Berdasarkan penelitian dari Yayasan Kita dan Buah Hati pada tahun 2016, 97 persen anak pernah melihat pornografi, padahal responden anak merupakan kelas 4, 5 dan 6 Sekolah Dasar. Dengan keadaan seurgen ini, sayangnya pendidikan seksual terhadap anak masih sering dianggap sesuatu yang sangat tabu.
Wartapilihan.com, Jakarta –Data penelitian tersebut menunjukkan, sebanyak 17 persen anak rupanya pernah mengakses pornografi dari film bioskop/DVD; 16 persen pernah mengakses di video klip; serta 13 persen mengetahuinya dari games/permainan daring.
Elly Risman sebagai pakar parenting menjelaskan, orangtua yang tidak sensitif terhadap pornografi biasanya tidak membuat aturan ketika memberi gadget pada anak.
“Tidak berpesan bahwa dengan manfaat yang sangat banyak dari gadget yang diberikan, ada juga bahaya yang dapat merusak otak. Sehingga tidak mengingatkan anak untuk menjaga matanya dari hal-hal yang membahayakan,” kata Elly, kepada Warta Pilihan, Rabu, (15/11/2017).

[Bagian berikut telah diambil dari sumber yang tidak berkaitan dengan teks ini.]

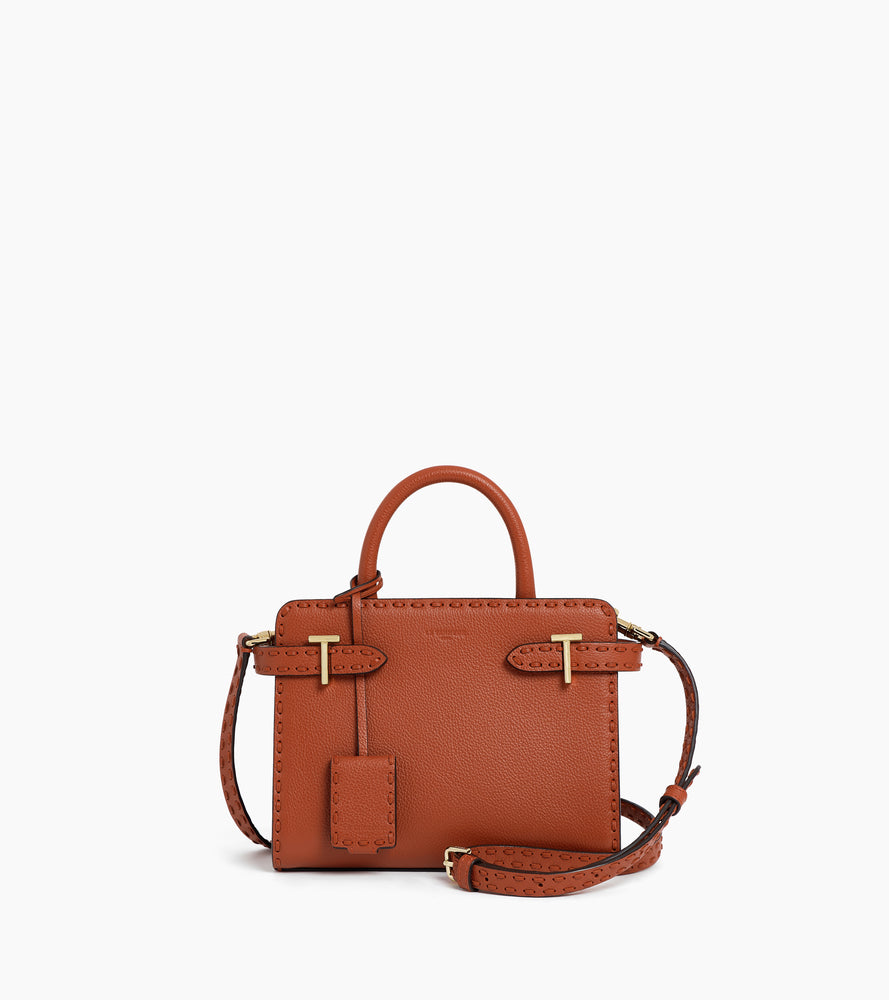 Kleine Handtasche Emilie aus genarbtem und glattem Leder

Elly menambahkan, orangtua yang tidak sensitif terhadap pornografi, tidak sadar bahwa bencana dapat terjadi dari ujung jemari anaknya. Pasalnya, hanya dengan 1 buku jari, anak dapat terjerat jebakan pebisnis pornografi.
“Orang dewasa yang menganggap pornografi sebagai humor membiarkan lagu dangdut erotis didengar anak-anak, dan membiarkan acara TV beradegan dewasa dilihat anak-anak. Padahal, hal itu adalah pornografi kategori halus, yang memang bahayanya tidak langsung terlihat, namun berfungsi sebagai pancing bagi kategori yang lebih tinggi,” tukas Elly.
Maka dari itu, sebelum terlambat, Elly menyarankan langkah preventif yang dapat dilakukan orangtua, yaitu membangun komunikasi yang baik antara orangtua dan anak, dan melakukan edukasi dengan menjelaskan bahaya pornografi pada otak anak.
“Selain itu, menyepakati aturan yang dibuat dengan anak, dan mengontrol serta mendampingi dalam penggunaan gadget,” lanjut Direktur Yayasan Kita dan Buah Hati ini.
Jika Anak Pernah Terpapar Pornografi?
Ada hal-hal yang sangat penting perlu dilakukan oleh para orang tua untuk meminimalisir dampak buruk yang dapat terjadi pada otak anak.
Elly menekankan untuk tetap tenang, jangan panik, kemudian musyawarahkan dengan pasangan, serta menerima keadaan tersebut dan memaafkannya. “Anak adalah amanah Allah, bisa jadi permata hati, ujian dan musuh. Merasa takutlah jika kita meninggalkan anak dalam keadaan lemah,” tandas dia.
Psikolog parenting ini menegaskan untuk memperbaiki komunikasi dengan sang anak dengan cara cari waktu yang tepat untuk mengajak anak
berbicara, kemudian juga turunkan frekuensi saat berbicara.
“Perhatikan bahasa tubuh anak, dengarkan perasaannya, dan
bicara dengan benar, baik, dan menyenangkan
kepada anak,” imbuh Elly.
“Gunakan kalimat bertanya agar anak belajar. Berpikir, memilih, dan engambil keputusan,” pungkasnya.